Подведя его к столу, я разложил перед ним донесения.

— Здесь хаос. Приказчики ленивые, мастера не все толковые, поставщики срывают сроки. Твой отец всегда готов рубить головы, что, тем не менее, проблему не решит. Нужен хозяин, а не палач. Нужен тот, кто придет и заставит этот механизм работать.

— Ты хочешь, чтобы я… — начал он, и в его голосе прозвучало недоверие.

— Я хочу, чтобы ты доказал своему отцу и самому себе, что тоже способен создавать порядок из хаоса. Строить процесс, именно это важно Государю. Тебе дается власть и полномочия. У тебя есть время, чтобы первая сотня «Степных таранов» была полностью укомплектована, проверена и готова к отправке на юг. Тебе подчиняются и мастера, и приказчики, и интенданты. Доверши порученное тебе дело и получишь власть сына, которого ценит отец. Ты видел что можно и металлом управлять, и паром. Поверь, и интересом отца можно управлять, покажи ему себя.

Он долго молчал. Перед ним было прямое испытание его воли и способностей к управлению. Я, конечно, рисковал, ставя на него такую карту, но другого пути не было. Разумеется, пускать все на самотек я не собирался. В ту же ночь в моей каморке появился капитан Глебов.

— Отбираешь десяток самых толковых преображенцев, — тихо сказал я ему. — С завтрашнего дня вы — простые рабочие в адмиралтейских мастерских. Задача — быть моими глазами и ушами. Наблюдать за царевичем. Не вмешиваться, не помогать, если только не случится прямой угрозы. Докладывать мне обо всем. И еще… если увидишь, что дело совсем идет к провалу, что он не справляется и мы рискуем сорвать поставку, — ты, твои люди, должны быть готовы за одну ночь исправить все его ошибки. Тайно. Чтобы к утру все было готово. Докладывай мне, если будут сложности. И да, он об этом знать не должен. Понял?

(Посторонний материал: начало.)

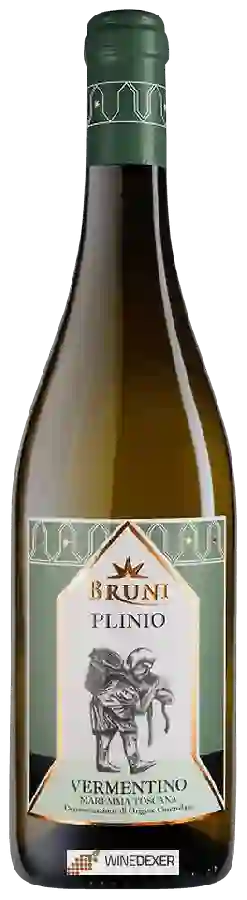Weingut Bruni - Plinio Vermentino Weingut Bruni - Plinio Vermentino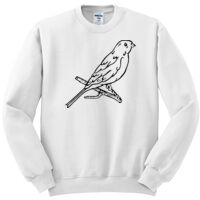 NuBlend ® Crewneck Sweatshirt Thumbnail
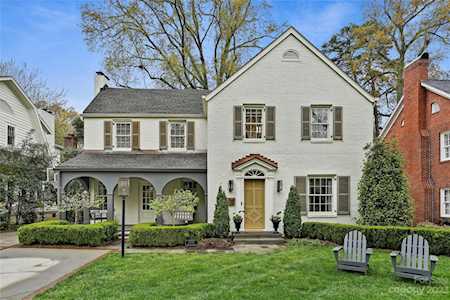 2229 Malvern Rd Charlotte, NC 28207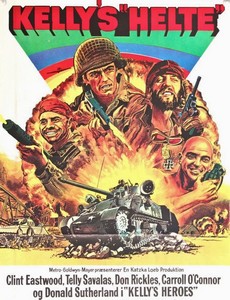 Герои Келли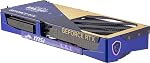 MSI RTX 5070 12G World of Warcraft Midnight Void Edition OC (12GB GDDR7, 192-bit, Extreme Performance: 2625 MHz, DisplayPort x3 2.1a, HDMI 2.1b, NVIDIA Blackwell Architecture)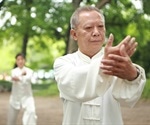 To treat pain, PTSD and other ills, Tennessee vets try tai chi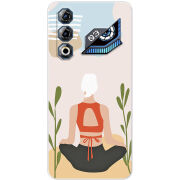 Чохол BoxFace Nubia Neo 3 GT 5G Yoga Style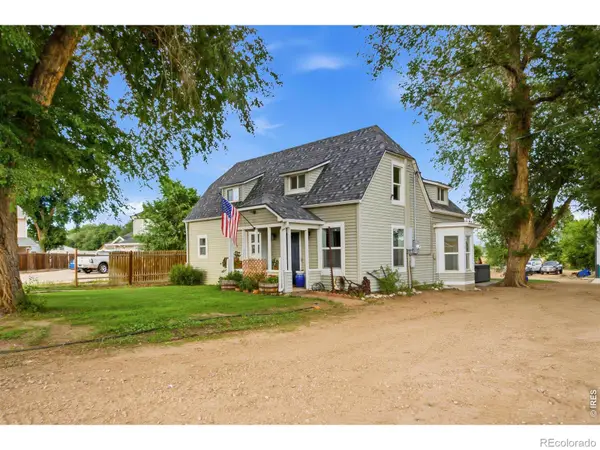302 Ash Court, Evans, CO 80620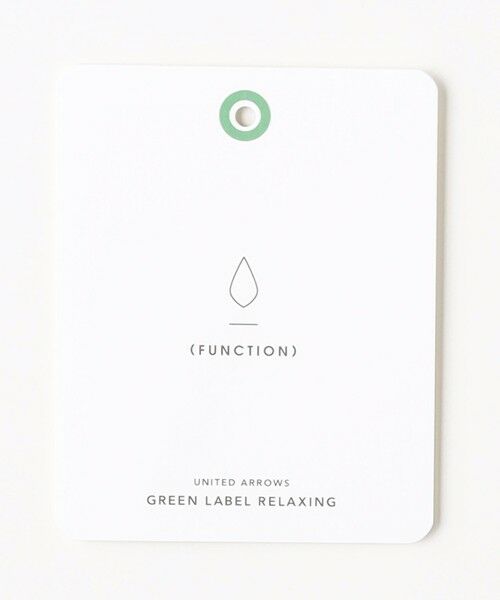 green label relaxing / グリーンレーベル リラクシング シャツ・ブラウス | コットン ブロード カラード タブカラー ドレスシャツ -イージーアイロン- | 詳細16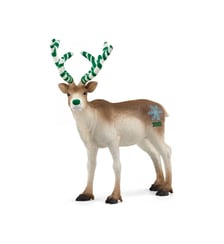 Renne Rudolf de Noël Schleich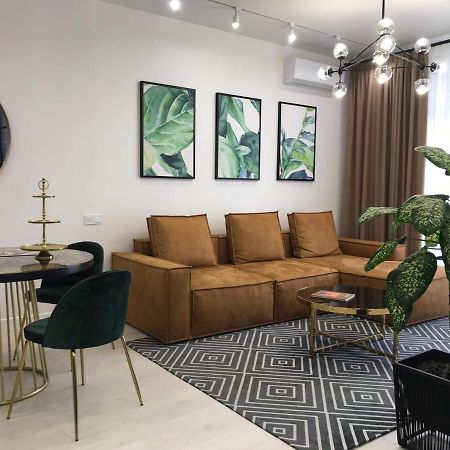 קייב *Luxury Apartment In The City Center* מראה חיצוני תמונה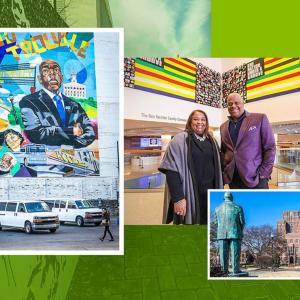 photo array of Nashville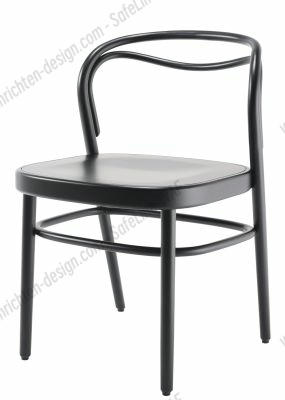 Beaulieu chair Viennese GTV Design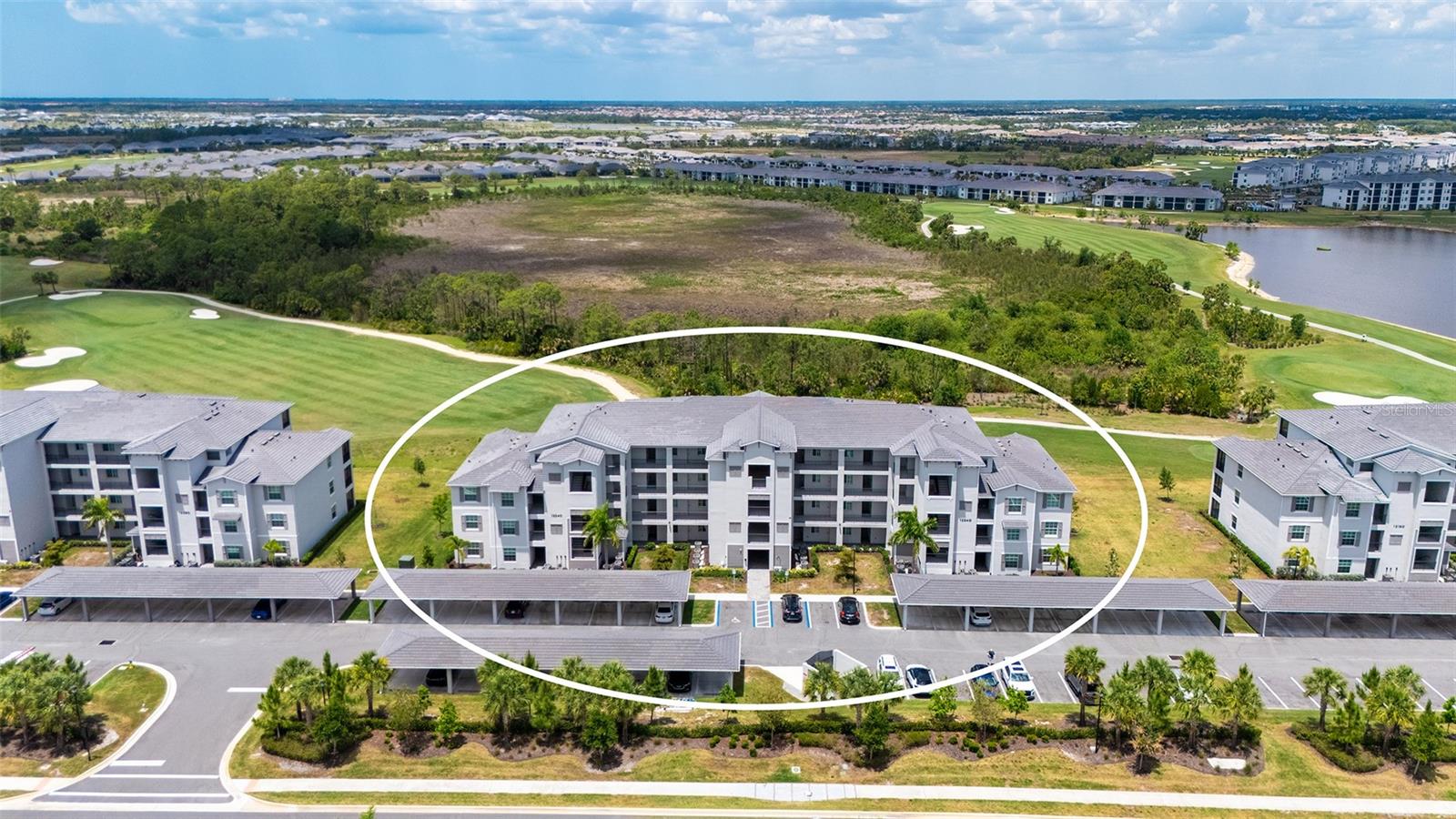 Image 5 of 80 For 12240 Wellen Golf Street 106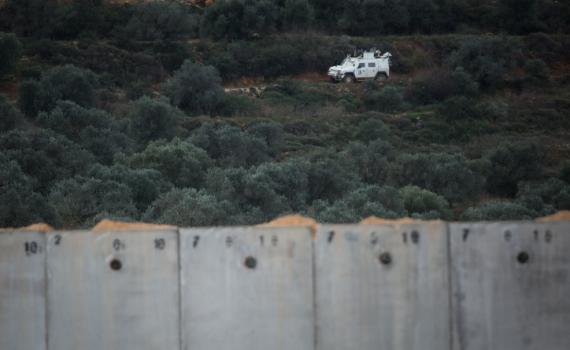 אירוע בטחוני בצפון: תושבי שלומי הונחו לחזור לשגרה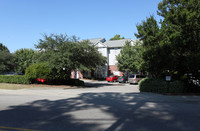 Swansgate Apartments in Myrtle Beach, SC - Building Photo - Building Photo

— Так точно, ваше благородие, — без лишних вопросов ответил Глебов.

Моя страховка. Для успокоения собственной совести и для объективной оценки его способностей. Он должен был справиться сам, хотя я не мог позволить его возможной неудаче погубить целую армию.

На следующий день Алексей принял вызов.

— Хорошо, барон. Я сделаю это.

И царевич принялся за дело. Началась неделя ада. Алексей с ходу увяз в глухом сопротивлении всей адмиралтейской системы. Моих технических знаний у него не было, зато обнаружилось то, чего я никак не ожидал, — болезненная педантичность и въедливость. Он часами просиживал в архивах, сверяя накладные на поставку угля с реальными остатками на складе, и ловил интендантов на приписках (к слову, эдакий учет все же ввело удачно, переняли опыт Игнатовского).

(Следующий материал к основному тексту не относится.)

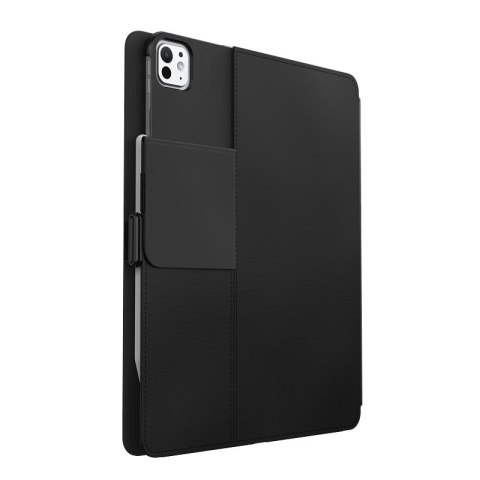 Speck Balance Folio - Etui iPad Pro 13" M5 (2025) / iPad Pro 13" M4 (2024) (Black)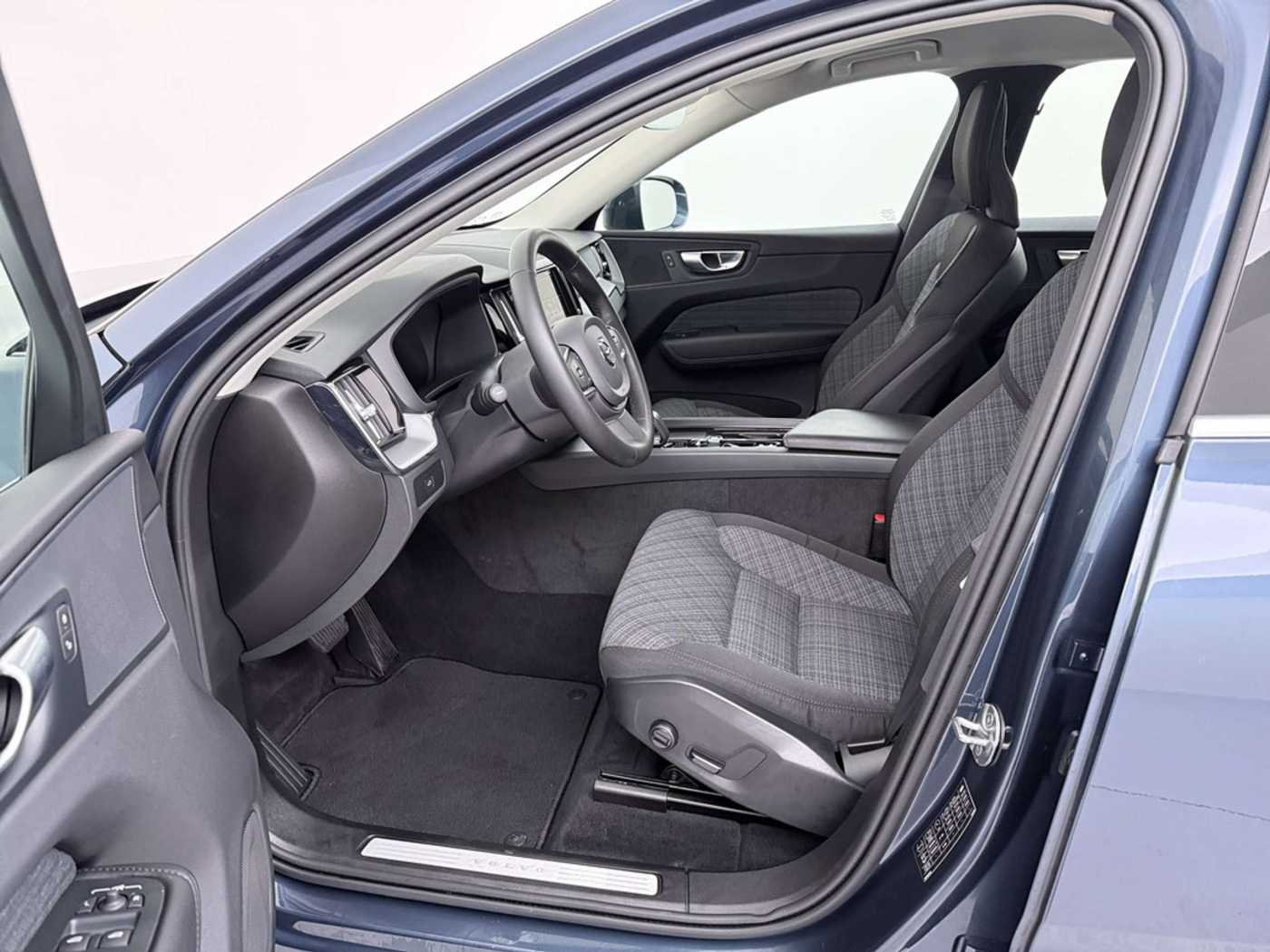 Volvo XC60 – Bild 12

Каждый вечер Глебов докладывал мне. Его донесения были сухими. «Царевич провел четыре часа, сверяя ведомости. Выявил недостачу. Устроил разнос приказчику». «Вступил в перепалку с мастером кузнечного цеха из-за качества закалки. Мастер пытался его обмануть, но царевич сослался на инструкцию, которую ты ему дал. Мастер отступил». Организация перевозки осей имела множество нюансов, начиная от инспектирования судов, которые перевезут их, заканчивая назначением ответственных на местах при волоке. Слушая Глебова, я все больше убеждался, что моя страховка, скорее всего, не понадобится. Алексей заставлял ее работать по ее же собственным, давно забытым правилам.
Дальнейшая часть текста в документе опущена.